It is exactly 6:29 a.m. here in Minnesota, and I've just returned from our fair capital city, where I dropped my mother off at the airport. She's going to New York to visit my aunt and grandma, and since Dad had to work at 4:30, it was up to me to navigate the van (okay, okay, with the help of our Garmin GPS) through city traffic and ridiculous airport ramps.
The actual driving was okay (see previous parentheses), but I had some issues getting out of bed at 4 a.m.
It may have had something to do with me only getting two hours of sleep, or maybe I was still in a semi-dreamlike state, but for whatever reason, when I put my feet on the floor my legs collapsed under me and I fell. I tried again to stand, and once again found myself in a heap on my bedroom floor.
Maybe it doesn't sound too strange now, but this little clumsy incident felt incredibly strange at the time. I've never experienced anything like it before.
I think that when my alarm went off, I jumped out of bed before I was even awake. My body reacted to the alarm before my brain was actually functioning.
Even now, the whole incident is really fuzzy, like it happened in a dream. And who knows? Maybe it did.
I think if anyone had been watching my 4 a.m. struggle, It would have looked a little bit like the evolution of man (you know, slowly creeping up from the primordial ooze of messy bedroom floor). My muttered curses could have been mistaken for caveman grunts, my sleepy dullness matched that of an early, small-brained human, and my morning hair probably looked just about right for that period, as well.

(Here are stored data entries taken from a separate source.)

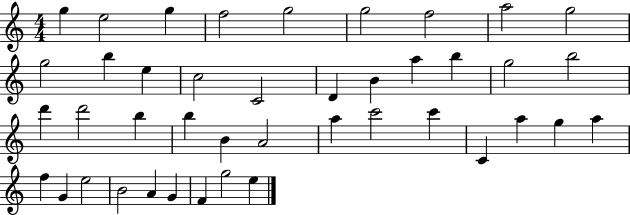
G5/q E5/h G5/q F5/h G5/h G5/h F5/h A5/h G5/h G5/h B5/q E5/q C5/h C4/h D4/q B4/q A5/q B5/q G5/h B5/h D6/q D6/h B5/q B5/q B4/q A4/h A5/q C6/h C6/q C4/q A5/q G5/q A5/q F5/q G4/q E5/h B4/h A4/q G4/q F4/q G5/h E5/q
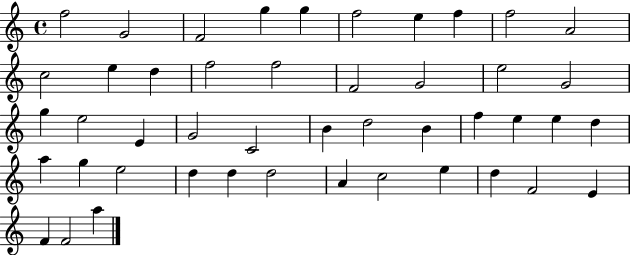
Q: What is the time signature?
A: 4/4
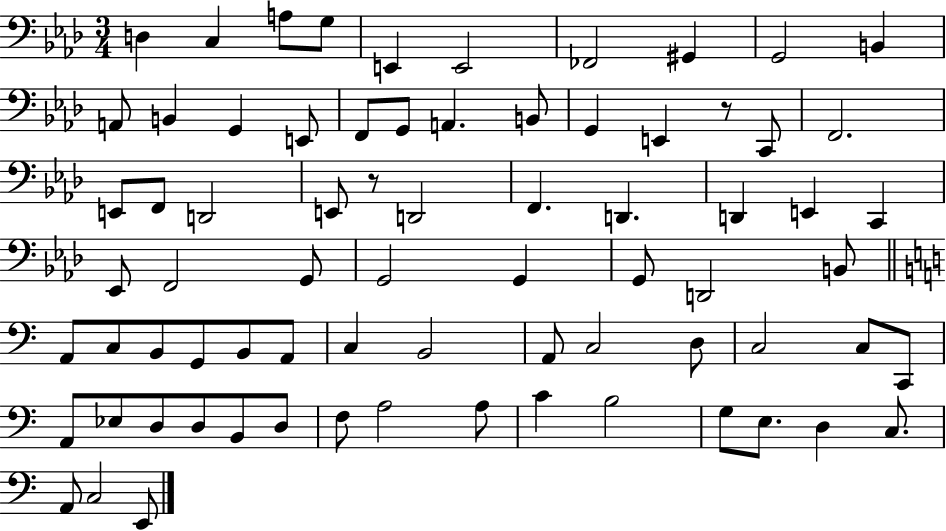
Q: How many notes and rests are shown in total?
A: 74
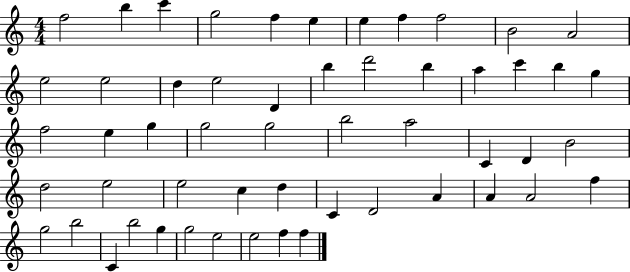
X:1
T:Untitled
M:4/4
L:1/4
K:C
f2 b c' g2 f e e f f2 B2 A2 e2 e2 d e2 D b d'2 b a c' b g f2 e g g2 g2 b2 a2 C D B2 d2 e2 e2 c d C D2 A A A2 f g2 b2 C b2 g g2 e2 e2 f f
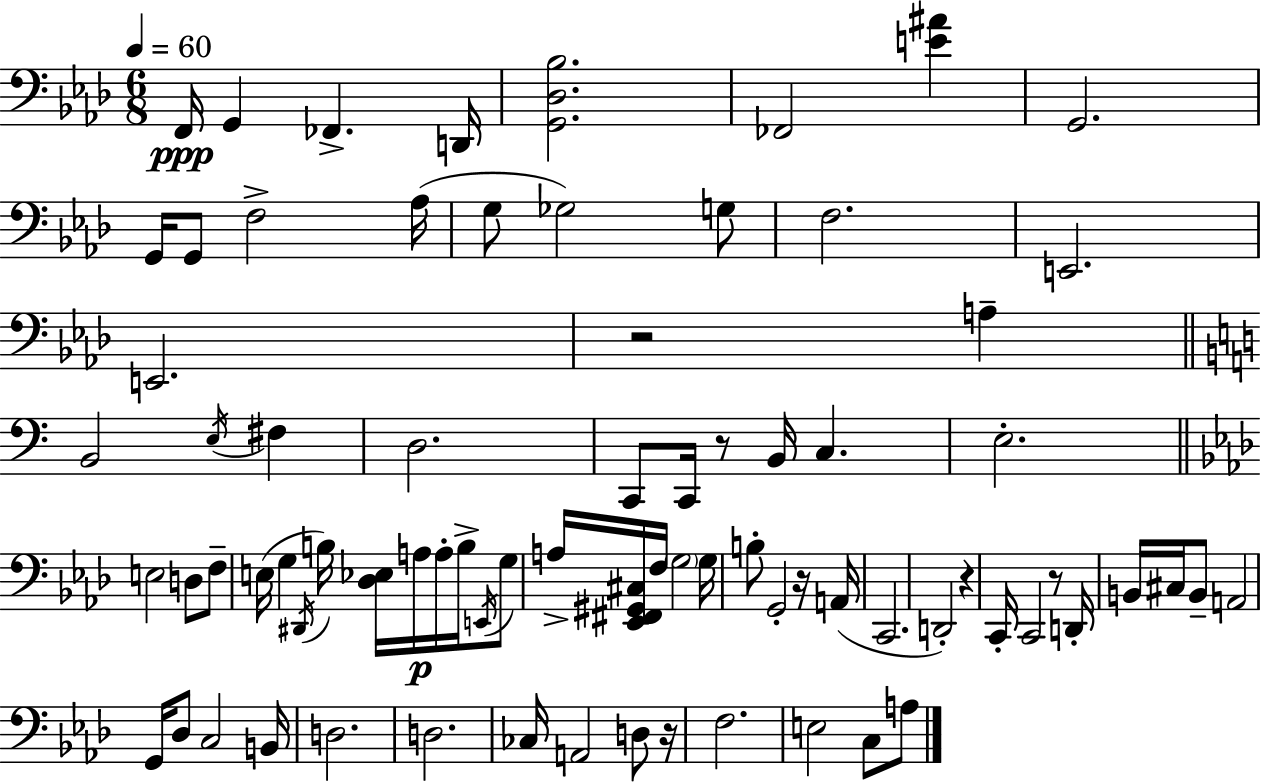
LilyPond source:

{
  \clef bass
  \numericTimeSignature
  \time 6/8
  \key f \minor
  \tempo 4 = 60
  f,16\ppp g,4 fes,4.-> d,16 | <g, des bes>2. | fes,2 <e' ais'>4 | g,2. | \break g,16 g,8 f2-> aes16( | g8 ges2) g8 | f2. | e,2. | \break e,2. | r2 a4-- | \bar "||" \break \key c \major b,2 \acciaccatura { e16 } fis4 | d2. | c,8 c,16 r8 b,16 c4. | e2.-. | \break \bar "||" \break \key f \minor e2 d8 f8-- | e16( g4 \acciaccatura { dis,16 }) b16 <des ees>16 a16\p a16-. b16-> \acciaccatura { e,16 } | g8 a16-> <ees, fis, gis, cis>16 f16 \parenthesize g2 | g16 b8-. g,2-. | \break r16 a,16( c,2. | d,2-.) r4 | c,16-. c,2 r8 | d,16-. b,16 cis16 b,8-- a,2 | \break g,16 des8 c2 | b,16 d2. | d2. | ces16 a,2 d8 | \break r16 f2. | e2 c8 | a8 \bar "|."
}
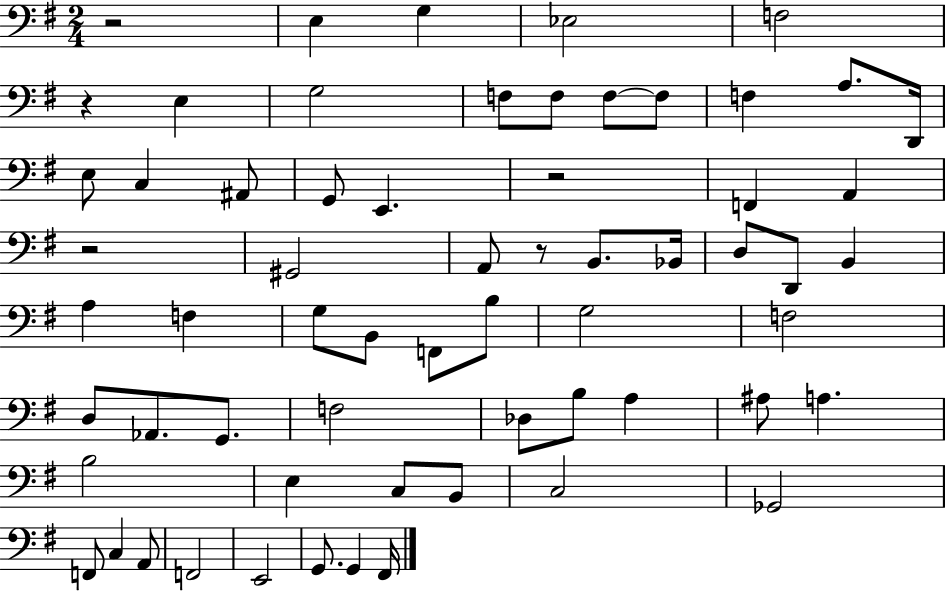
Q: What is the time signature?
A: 2/4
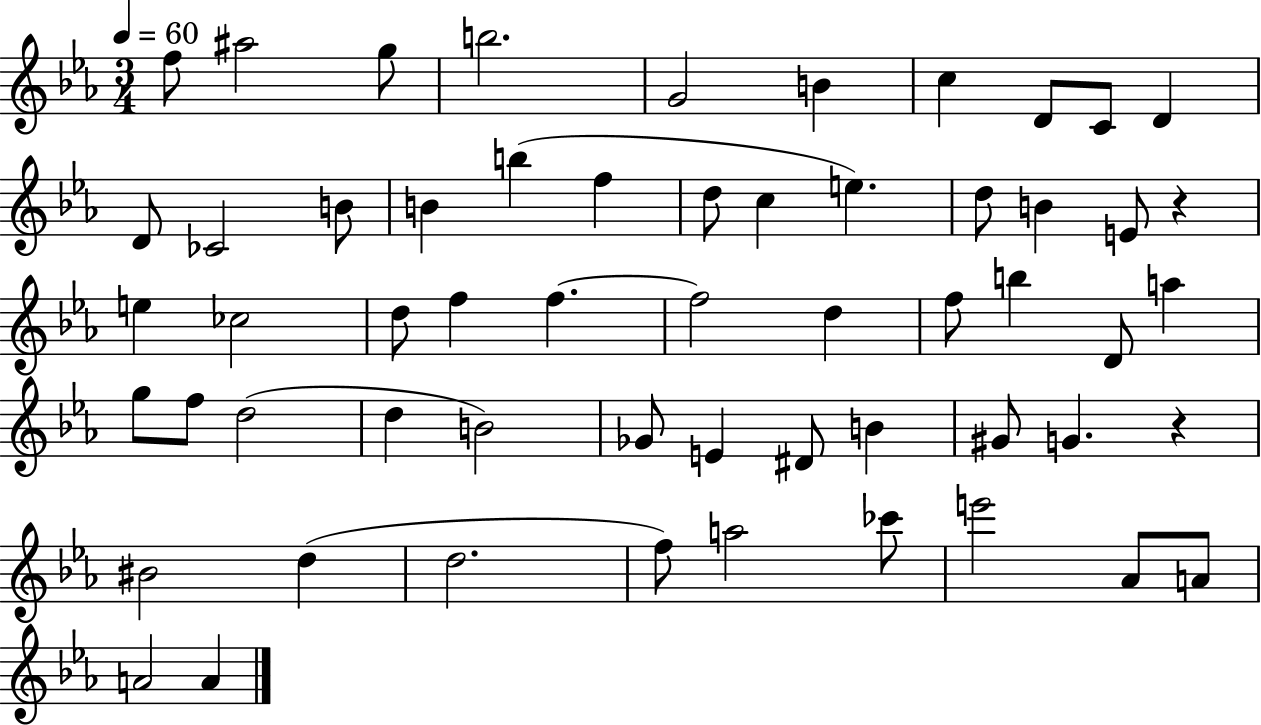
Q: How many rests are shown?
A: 2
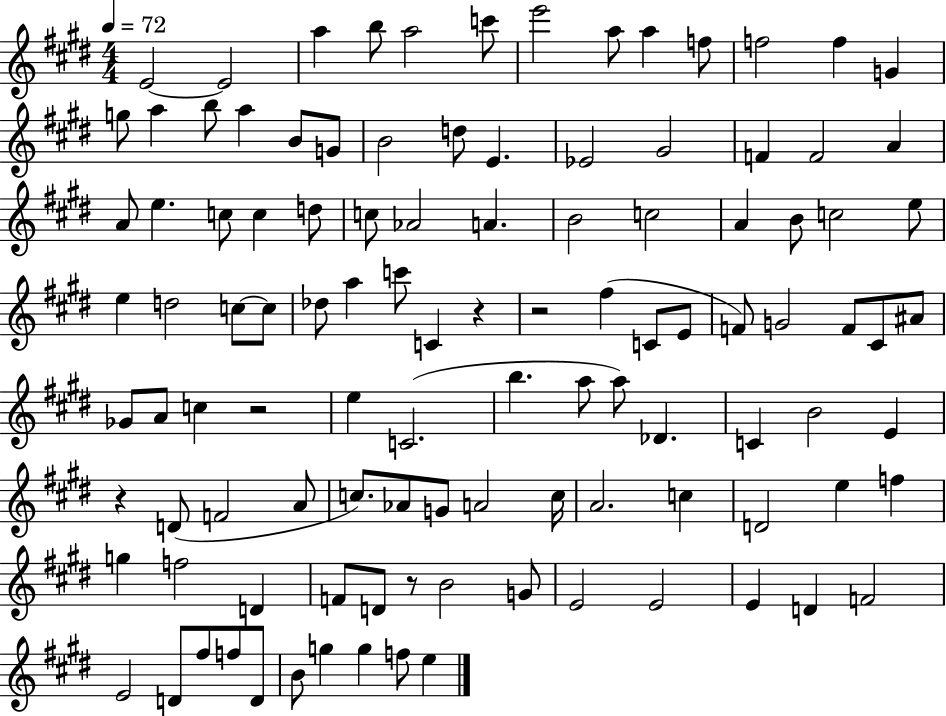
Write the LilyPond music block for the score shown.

{
  \clef treble
  \numericTimeSignature
  \time 4/4
  \key e \major
  \tempo 4 = 72
  e'2~~ e'2 | a''4 b''8 a''2 c'''8 | e'''2 a''8 a''4 f''8 | f''2 f''4 g'4 | \break g''8 a''4 b''8 a''4 b'8 g'8 | b'2 d''8 e'4. | ees'2 gis'2 | f'4 f'2 a'4 | \break a'8 e''4. c''8 c''4 d''8 | c''8 aes'2 a'4. | b'2 c''2 | a'4 b'8 c''2 e''8 | \break e''4 d''2 c''8~~ c''8 | des''8 a''4 c'''8 c'4 r4 | r2 fis''4( c'8 e'8 | f'8) g'2 f'8 cis'8 ais'8 | \break ges'8 a'8 c''4 r2 | e''4 c'2.( | b''4. a''8 a''8) des'4. | c'4 b'2 e'4 | \break r4 d'8( f'2 a'8 | c''8.) aes'8 g'8 a'2 c''16 | a'2. c''4 | d'2 e''4 f''4 | \break g''4 f''2 d'4 | f'8 d'8 r8 b'2 g'8 | e'2 e'2 | e'4 d'4 f'2 | \break e'2 d'8 fis''8 f''8 d'8 | b'8 g''4 g''4 f''8 e''4 | \bar "|."
}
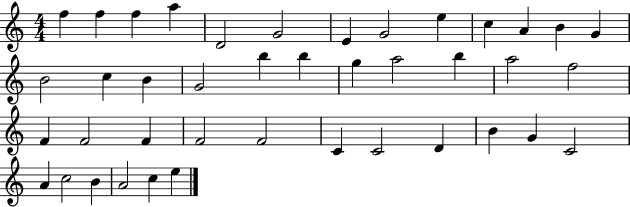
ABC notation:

X:1
T:Untitled
M:4/4
L:1/4
K:C
f f f a D2 G2 E G2 e c A B G B2 c B G2 b b g a2 b a2 f2 F F2 F F2 F2 C C2 D B G C2 A c2 B A2 c e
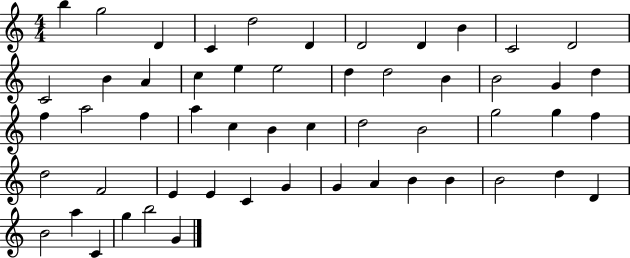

Conclusion? Sleep is weird. Dreams are weird. Waking up from sleep and dreams is weird. I wish I knew more about how it all works; we briefly covered the topic in high school psychology, but unfortunately I don't remember a whole lot. Nevertheless, I have a prodding suspicion that we are more ourselves when we dream than we are at any other time. Because we dream about the things that really matter, right? We cut right to the chase, whether we want to or not. Our unconscious takes orders from no one. Not even ourselves.
Well, I'll be going back to sleep now (ironic?). Blessedly, I can squeeze in about six hours before I have to wake up again to get ready for work.